Politique

Un mois après son arrivée à Matignon, le premier ministre a tracé sa feuille de route ce mardi après-midi à l’Assemblée nationale. Avec l’objectif d’éviter la censure de son gouvernement, il se fixe «trois défis».

Le Figaro - 14 janvier 2025 - Par Thibaut Déléaz et John Timsit

Sommaire

«Contenir» et «réduire» la dette publique
Budget, stabilité, action publique... Les «trois défis» de Bayrou
Valls aux Outre-mer, Borne à l’Éducation... Bayrou défend ses choix
La réforme des retraites «remise en chantier»
Des économies pour ramener le déficit à 5,4% du PIB en 2025
Un fonds d’investissement pour réformer l’État
L’effort d’économie demandé aux collectivités territoriales réduit
Débureaucratiser et protéger les entreprises de hausses d’impôts
La réforme de l’audiovisuel public maintenue
Proportionnelle et «probable» retour du cumul des mandats
Vers une «banque de la démocratie»
Gilets jaunes : «Reprendre l’étude des cahiers de doléances»
L’immigration, «une question de proportion»
Corse : «Respect» du calendrier «pour aboutir à une évolution constitutionnelle fin 2025»
Le modèle Parcoursup remis en question
Le déremboursement de médicaments et de consultations abandonné

C’était l’heure de vérité pour François Bayrou. Un mois après sa nomination à Matignon en pleine tempête politique, le premier ministre a prononcé ce mardi après-midi son discours de politique générale. Budget 2025, immigration, proportionnelle... Pendant une heure et demie à la tribune de l’Assemblée nationale, le Béarnais a tracé sa feuille de route à la tête du gouvernement. Au centre des attentions : la dernière réforme des retraites - adoptée en 2023 -, dont le patron du MoDem avait refusé mardi matin toute «suspension» ou «abrogation».

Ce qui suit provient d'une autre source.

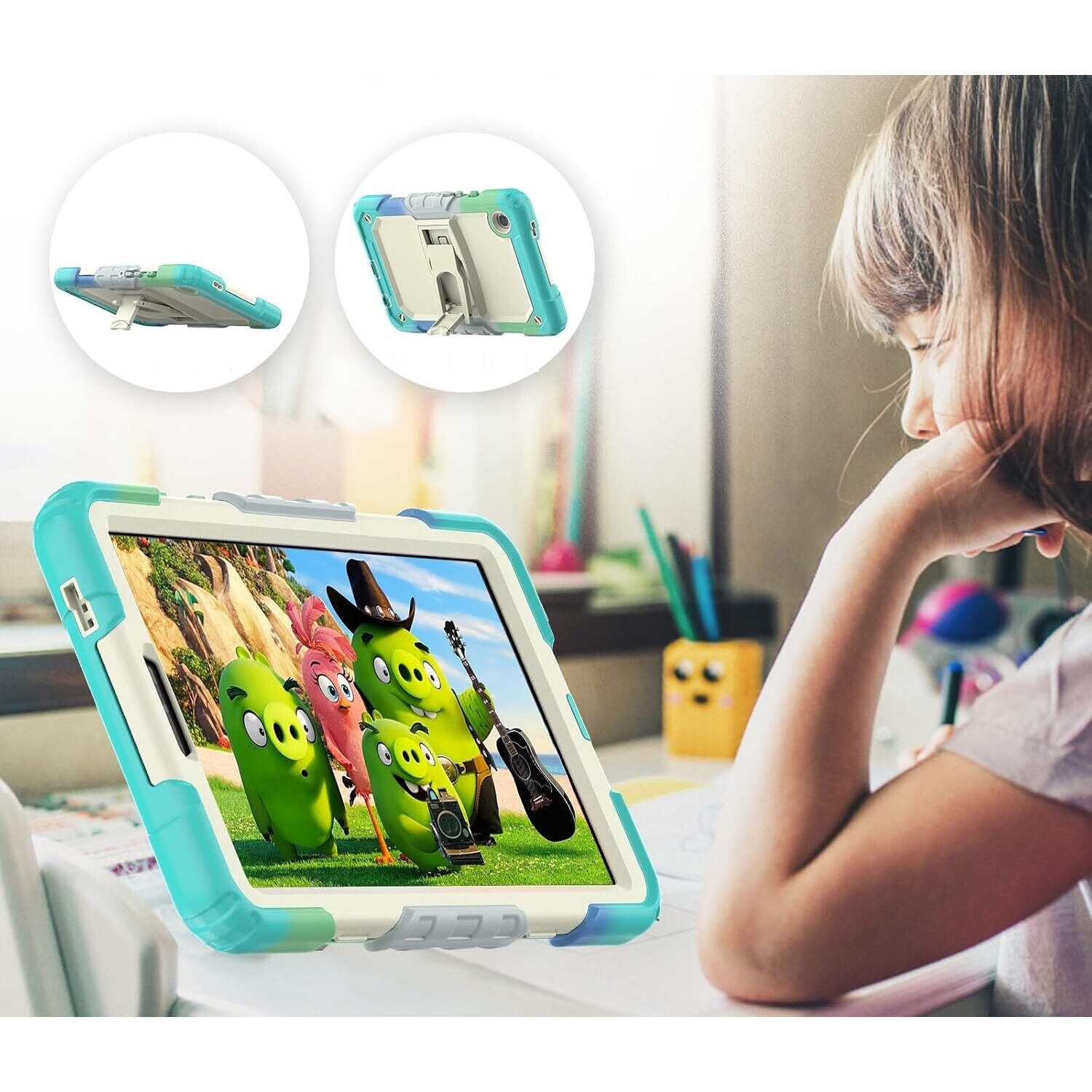 Husa Samsung Tab A7 de 10,4 inchi, cu suport si curea de umar, multicolor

Dès les premières minutes de son intervention, François Bayrou a enjoint à la représentation nationale d’aider le pays à «retrouver» une «stabilité» au terme d’une année 2024 très agitée sur le plan politique. «Quand tout va bien, on s’endort sur ses lauriers. Et quand tout paraît aller mal, on est contraint au courage», a exigé le maire de Pau (Pyrénées-Atlantiques), en s’appuyant sur les enquêtes d’opinion, qui révèlent que «84% des Français jugent que (son) gouvernement ne passera pas l’année.» Raison pour laquelle il a confié une mission à son équipe : mener une action d’«intérêt général», qui «oblige à dépasser les préférences partisanes». Le Figaro vous résume ce qu’il faut retenir de l’intervention du chef du gouvernement.

«Contenir» et «réduire» la dette publique

«La France, dans son histoire, n’a jamais été aussi endettée qu’elle l’est aujourd’hui», a assuré le premier ministre en préambule de sa déclaration, qui donne au gouvernement la tâche de «contenir» et «réduire» la dette publique. Compte tenu du niveau de cette dernière, François Bayrou considère qu’«aucune politique de ressaisissement et de refondation ne pourra être conduite si elle n’en tient pas compte». Cette «épée de Damoclès au-dessus de notre pays et de notre modèle social», l’hôte de Matignon estime que tous les partis qui ont été au pouvoir depuis François Mitterrand y ont pris part. Y compris Emmanuel Macron, dont le bilan financier a été alourdi ces dernières années selon lui par «les Gilets Jaunes, le Covid-19, la guerre en Ukraine, l’inflation».

Budget, stabilité, action publique... Les «trois défis» de Bayrou

Alors que les projets de loi de finances 2025 ont été repoussés par la censure historique de Michel Barnier début décembre, François Bayrou a listé les «trois défis» qui guideront son action. «Il faut se ressaisir et adopter sans tarder les deux budgets» - de l’État et de la Sécurité sociale -, a d’abord espéré le premier ministre. Qui souhaite en parallèle «mettre en place les conditions de la stabilité, qui impose de se réconcilier». «Le gouvernement considérera les Français comme des partenaires des décisions à prendre, non comme les sujets d’une monarchie qui n’auraient d’autre choix que d’obéir ou de se révolter», a-t-il promis. Dernier point évoqué par le premier ministre : «L’action publique» que «notre pays doit refonder».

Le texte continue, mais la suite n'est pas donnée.